Reproduce every line of the listing as written, apart from the pictures.

▶ _Collected material_
◆ ◆ ◆ ◆ ◆

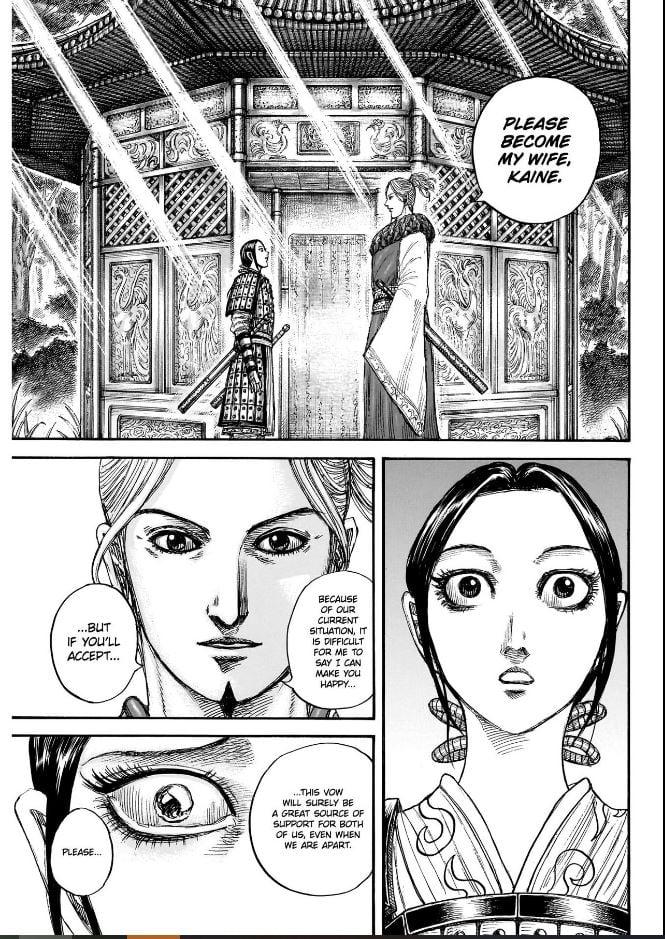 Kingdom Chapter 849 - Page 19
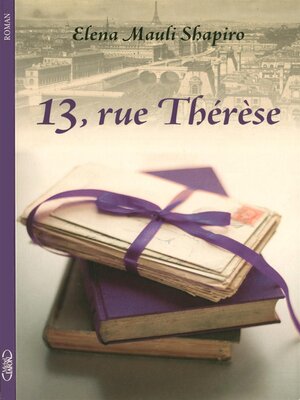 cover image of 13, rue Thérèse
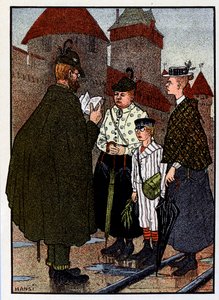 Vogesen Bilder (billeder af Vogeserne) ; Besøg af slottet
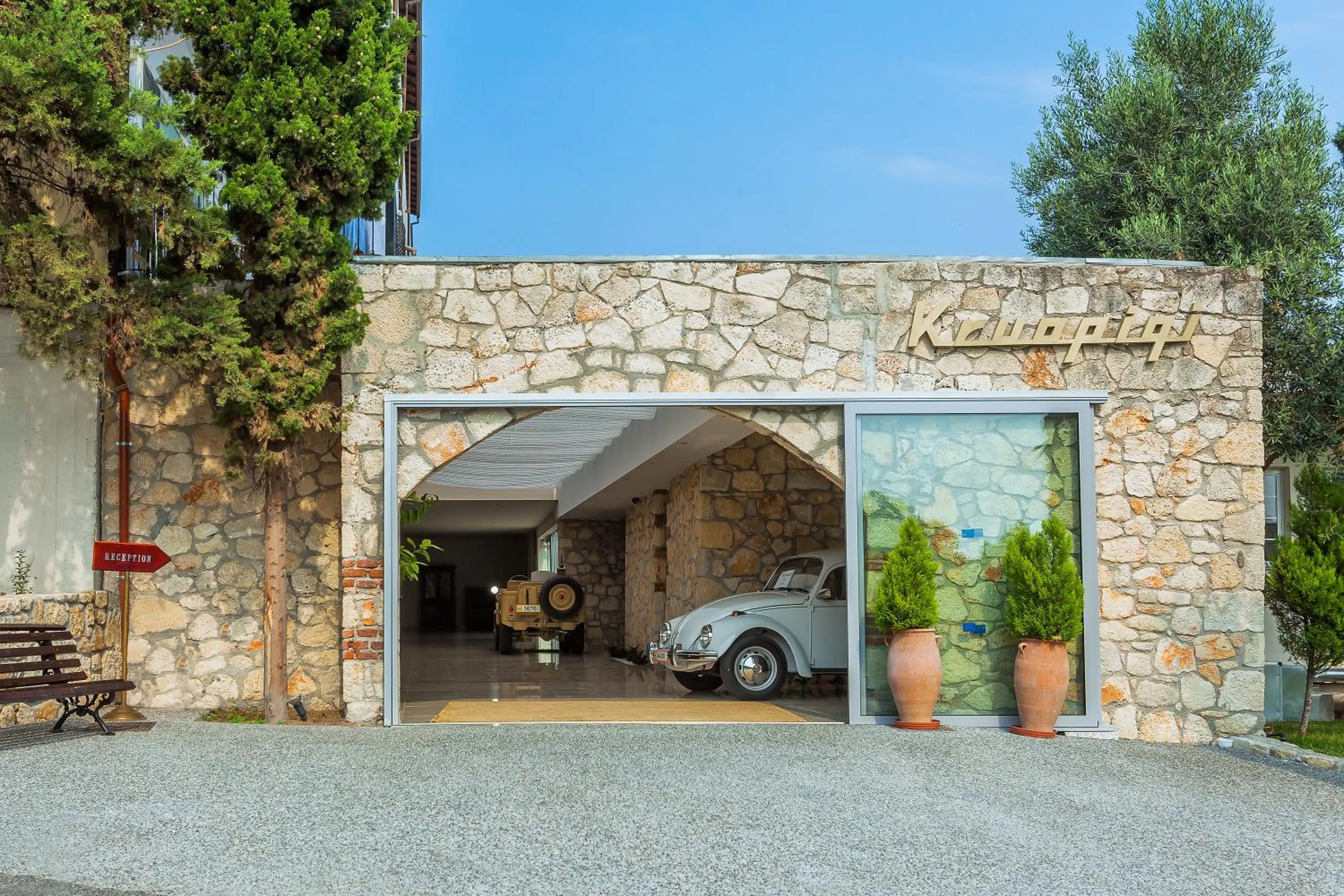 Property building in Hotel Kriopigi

◆ ◆ ◆ ◆ ◆

▶ _Solution to the exercise_
 Kingdom Chapter 849 - Page 19
 cover image of 13, rue Thérèse
 Vogesen Bilder (billeder af Vogeserne) ; Besøg af slottet
 Property building in Hotel Kriopigi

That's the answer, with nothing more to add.